Shareholders who deposit their Noront shares under the Offer will
have the opportunity to realize cash proceeds and certainty of
value for their shares.
- Unanimous recommendation of the Noront Board. The members of
the Noront Board of Directors who voted on the matter have, after
consultation with the Board's financial and legal advisors and the
Special Committee of the Board, UNANIMOUSLY DETERMINED that the
Offer is in the best interests of Noront and the Offer price is
fair, from a financial point of view, to Noront shareholders and,
accordingly, UNANIMOUSLY RECOMMED that shareholders ACCEPT the
Offer and DEPOSIT their Noront shares under the Offer.
- Support of shareholders. Certain Noront shareholders,
including certain directors and each officer of Noront, have
entered into lock-up agreements pursuant to which they have agreed
to deposit under the Offer all Noront shares held or to be acquired
by them pursuant to the exercise of options or share awards,
representing in the aggregate approximately 9.9% of the issued and
outstanding Noront shares on a fully-diluted basis, subject to
certain terms and conditions of such agreements.
- Minimum tender condition. In order for Noront shareholders to
be able to receive the Offer price for their shares, more than 50%
of the outstanding Noront shares not beneficially owned or
controlled by BHP Lonsdale, the Offeror or any other person acting
jointly or in concert with the Offeror must be deposited under the
Offer prior to the expiry of the initial deposit period.
Shareholders increase the likelihood of receiving the Offer price
by depositing their shares under the Offer prior to the expiry of
the initial deposit period.
- Project execution and development risk.

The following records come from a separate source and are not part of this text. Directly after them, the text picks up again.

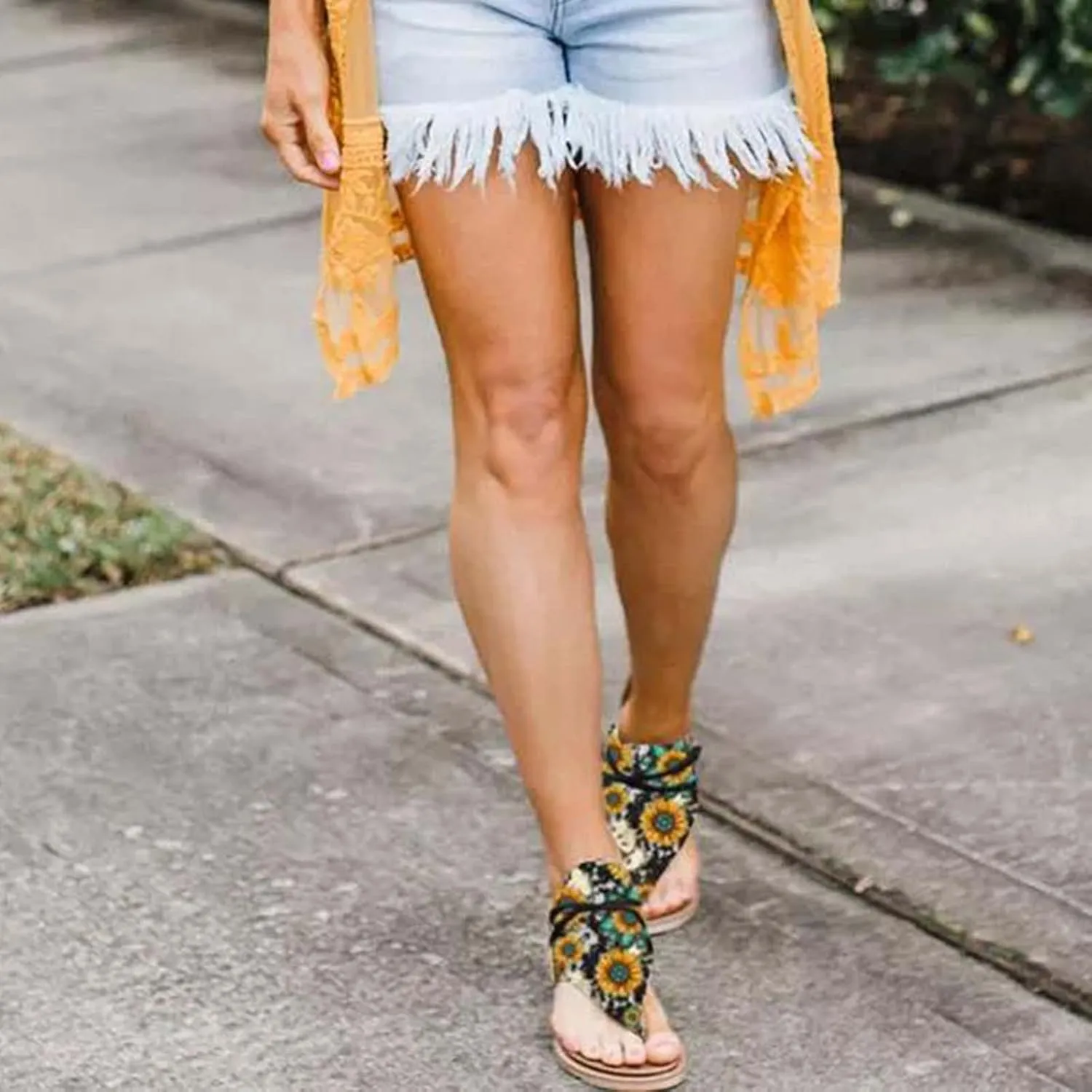 Women's Bohemian Flats Sunflowear Leopard Print T-Strap Retro Lace-Up Sandals Comfort Casual Shoes for Summer Beach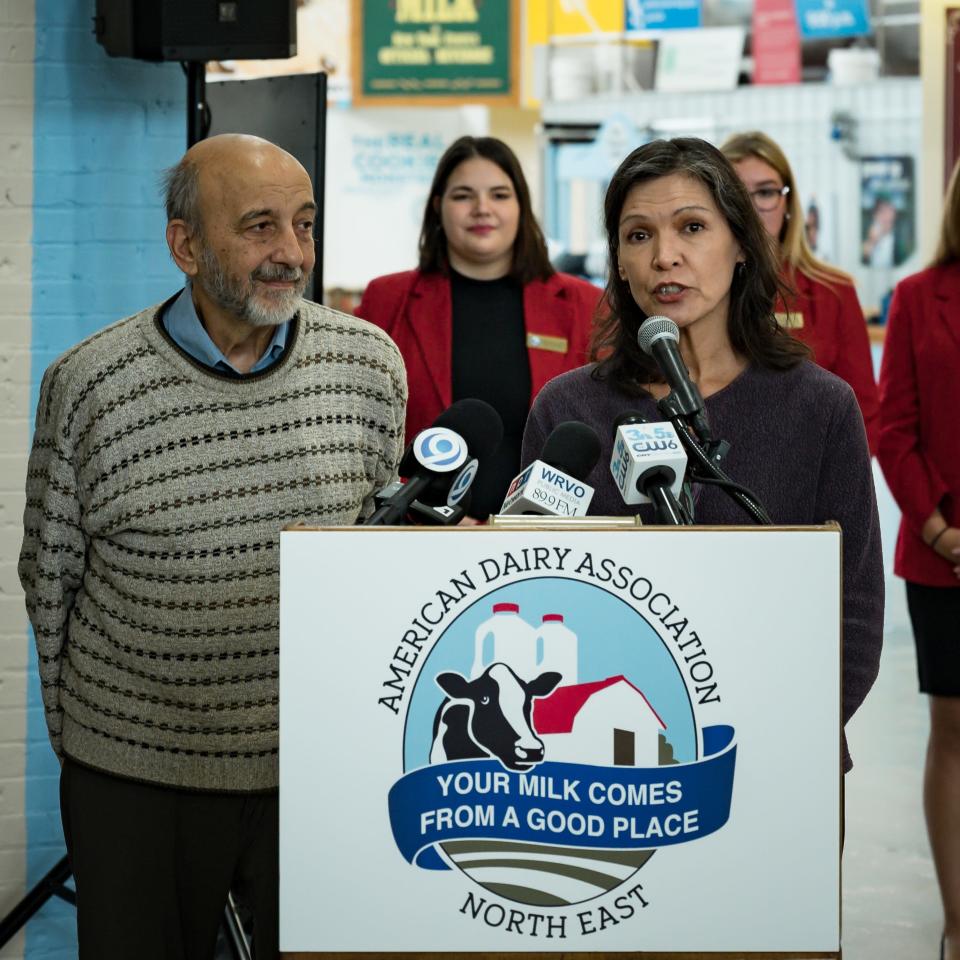 Sculptors Jim Victor and Marie Pelton of Conshohocken, Pennsylvania, speak before the unveiling of their American Dairy Association North East Butter Sculpture at the New York State Fairgrounds in Syracuse, NY on Tuesday, August 22, 2023.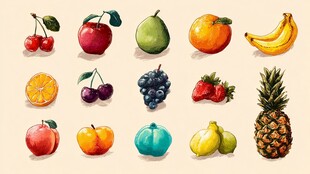 缤纷多彩的手绘新鲜水果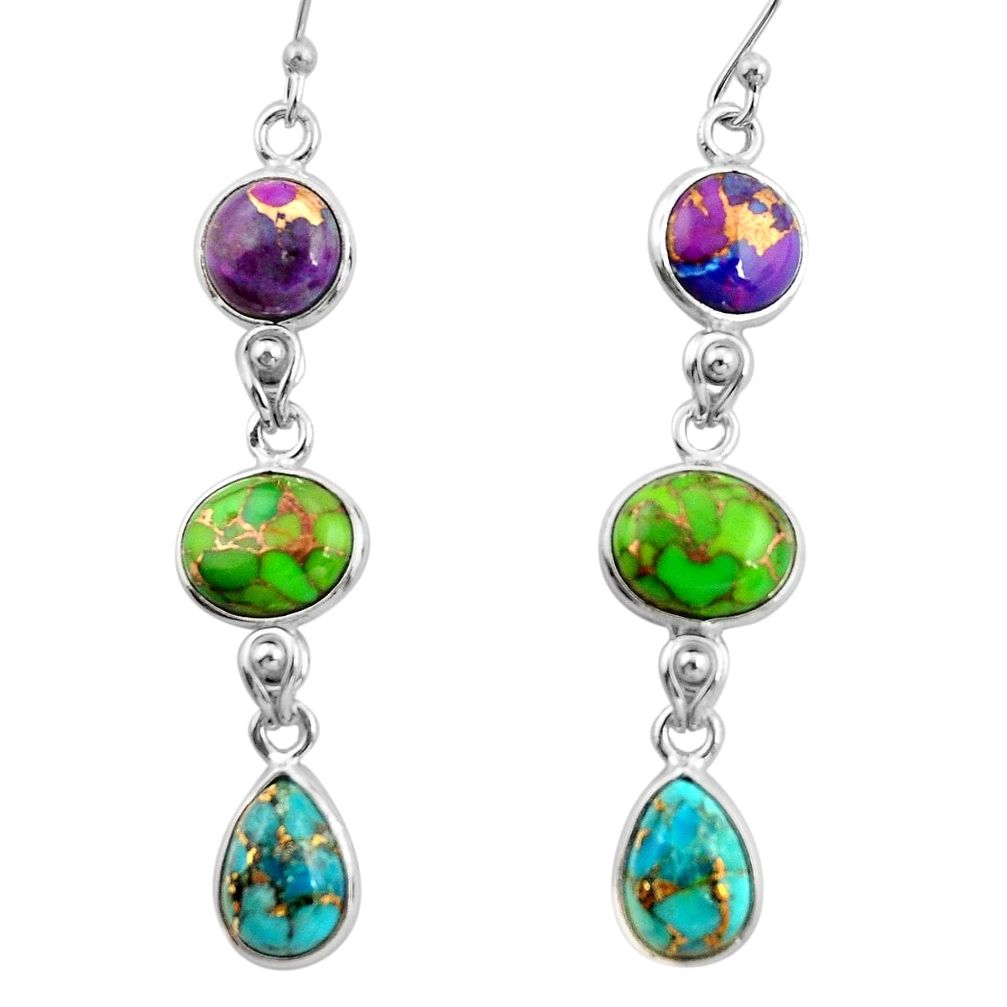 14.53cts multi color copper turquoise 925 sterling silver dangle earrings r26809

BHP Lonsdale believes
that the Offer provides Noront shareholders with the value inherent
in Noront's portfolio of projects, including the Eagle's Nest
project, without the long-term risks associated with the
development and execution of those projects. Given the relatively
early stage of Noront's projects, it will be several years before
the Eagle's Nest project or other projects in the portfolio reach
commercial production, if at all.
- Significant growth funding required. Noront's development and
exploration projects have significant funding requirements to bring
them to the production stage. Noront currently has limited cash to
fund the necessary capital projects and near-term debt maturities,
which will be a further drain on cash. Equity financing sufficient
to repay debt and fund the progress of Noront's business plan, if
available, may be significantly dilutive to Noront
shareholders.
- Search for the best alternative. Following Wyloo's
announcement on May 25, 2021 of its intention to make an offer for
the Noront shares, the Special Committee had the opportunity to
consider strategic alternatives available to Noront, including,
among other alternatives, maintaining the status quo as a
publicly-traded company, and the Special Committee and the Noront
Board ultimately determined on July 26, 2021 to support the
Offer.
- TD Securities fairness opinion. TD Securities Inc. provided
the Noront Board of Directors with a verbal opinion to the effect
that, as of the date of such opinion, subject to the assumptions,
limitations, and qualifications which will be set out in the
written opinion, the Offer is fair, from a financial point of view,
to Noront shareholders (other than BHP Lonsdale and its
affiliates).
- Stifel independent fairness opinion. Stifel Nicolaus Canada
Inc. ("Stifel") , who is also acting as independent valuator
engaged to prepare a formal valuation of the Common Shares in
connection with the proposed Wyloo bid, provided the Special
Committee and the Noront Board of Directors with a verbal opinion
to the effect that, as of the date of such opinion, subject to the
assumptions, limitations, and qualifications which will be set out
in the written long form opinion, the Offer is fair, from a
financial point of view, to Noront shareholders (other than BHP
Lonsdale and its affiliates).
- Fully financed cash offer. The Offer is not subject to a
financing condition. The Offeror will satisfy the funding
requirements of the Offer from its cash resources.
Transaction details
The Offeror intends to formally commence the take-over bid by
mailing a take-over bid circular to shareholders shortly after this
announcement. The bid will initially be set to expire 105 days
after commencement. Noront has agreed to issue a deposit period
news release upon request from the Offeror to reduce the initial
deposit period to as few as 35 days from commencement, a right
which the Offeror currently intends to exercise. The Offeror will
ensure that there remain at least 10 days prior to the end of the
initial deposit period at such time as it exercises its right to
shorten the initial deposit period.
The Board of Directors of Noront, acting on the recommendation
of the Special Committee, and after evaluating the Offer in
consultation with Noront's legal and financial advisors, has
determined that the Offer is fair, from a financial point of view,
to Noront shareholders and in the best interests of Noront and
Noront shareholders. As such, the Board of Directors of Noront is
recommending that Noront shareholders tender their shares and
accept the Offer.
The Offer is conditional upon, among other closing conditions,
there having been deposited pursuant to the Offer and not withdrawn
at the expiry of the initial deposit period more than 50% of the
Noront common shares then outstanding, excluding the Noront common
shares beneficially owned, or over which control or direction is
exercised, by BHP Lonsdale, the Offeror and any other person acting
jointly or in concert with the Offeror . BHP Lonsdale owns
21,659,385 Noront common shares, representing approximately 4.7%
(or 3.7% on a fully diluted basis) of the outstanding common shares
.
Shareholders holding an aggregate of 9.9 % of the Noront common
shares on a fully diluted basis, including certain Noront directors
and senior management, have entered into lock-up agreements under
which they have agreed to deposit their shares under the Offer.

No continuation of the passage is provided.